▶ **Exercise details**
Take the material below and extract the lines from the one with "Power Bank Solar" through the one with "GLOW SHIRT WHITE", word for word, without pictures.

▶ **Data section**
'''

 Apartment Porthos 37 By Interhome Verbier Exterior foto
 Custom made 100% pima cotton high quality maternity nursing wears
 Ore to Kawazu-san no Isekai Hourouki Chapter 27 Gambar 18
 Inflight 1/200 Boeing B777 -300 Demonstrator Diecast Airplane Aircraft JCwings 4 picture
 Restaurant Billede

'''
'''

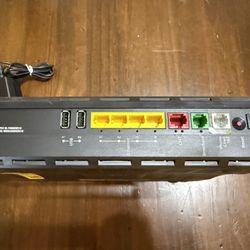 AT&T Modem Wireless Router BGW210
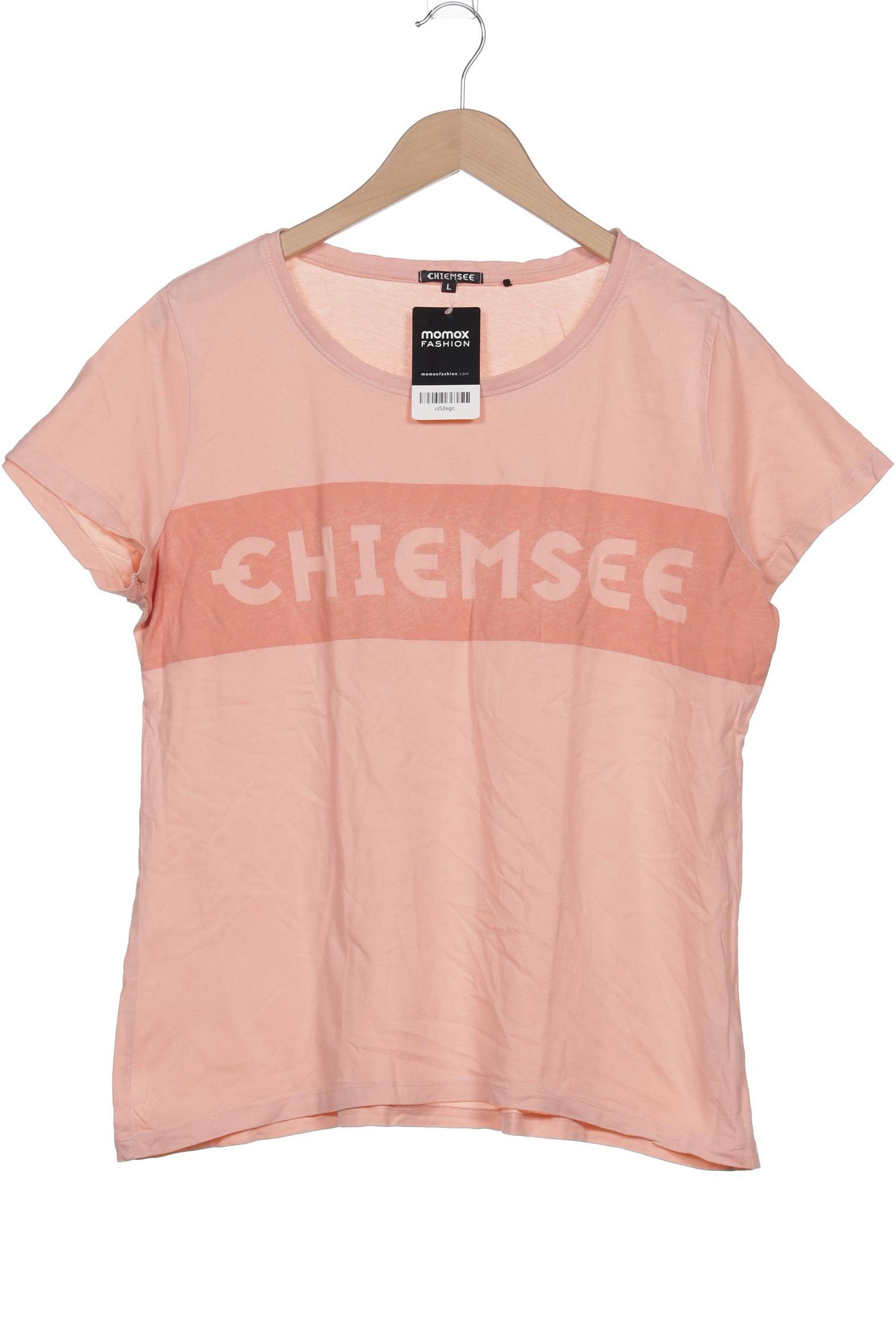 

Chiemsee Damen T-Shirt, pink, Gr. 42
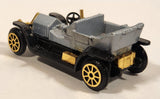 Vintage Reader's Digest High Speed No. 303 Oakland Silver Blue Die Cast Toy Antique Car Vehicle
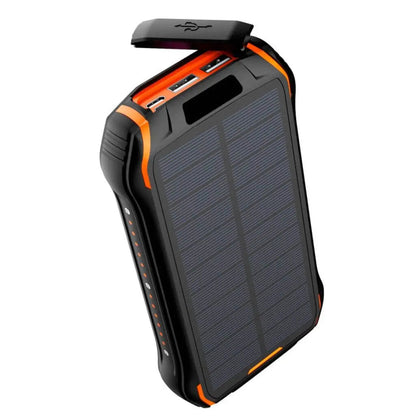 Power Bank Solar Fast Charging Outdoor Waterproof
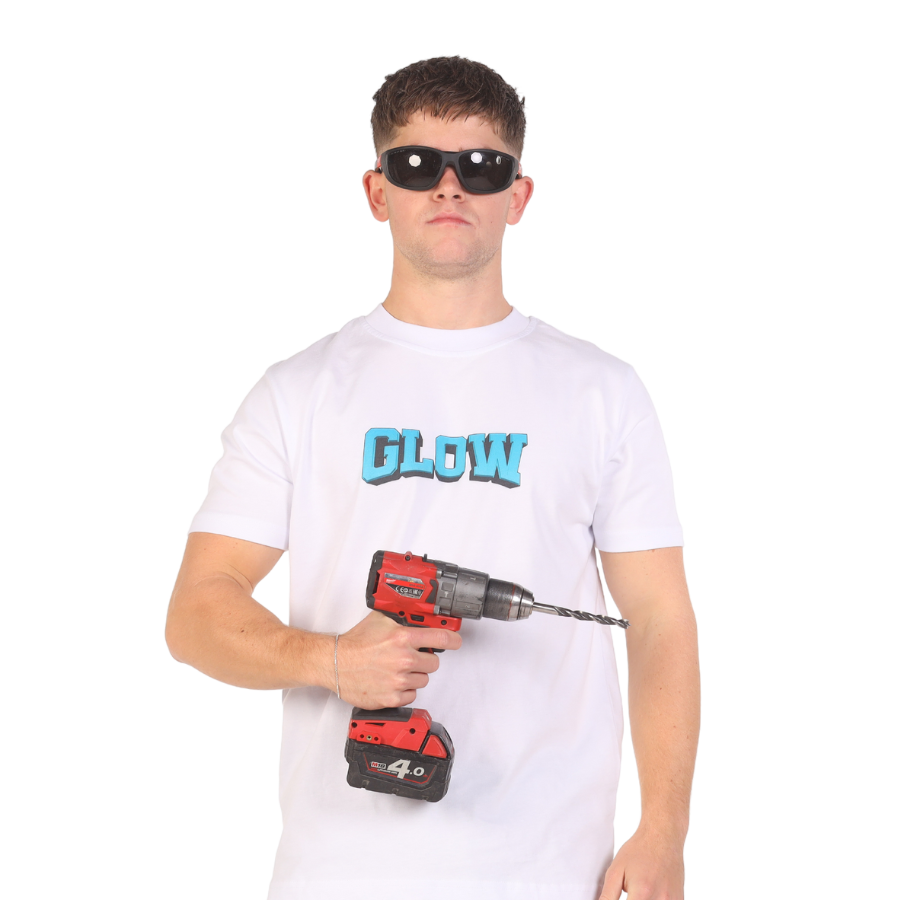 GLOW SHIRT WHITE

'''

▶ **Response**
 Power Bank Solar Fast Charging Outdoor Waterproof
 GLOW SHIRT WHITE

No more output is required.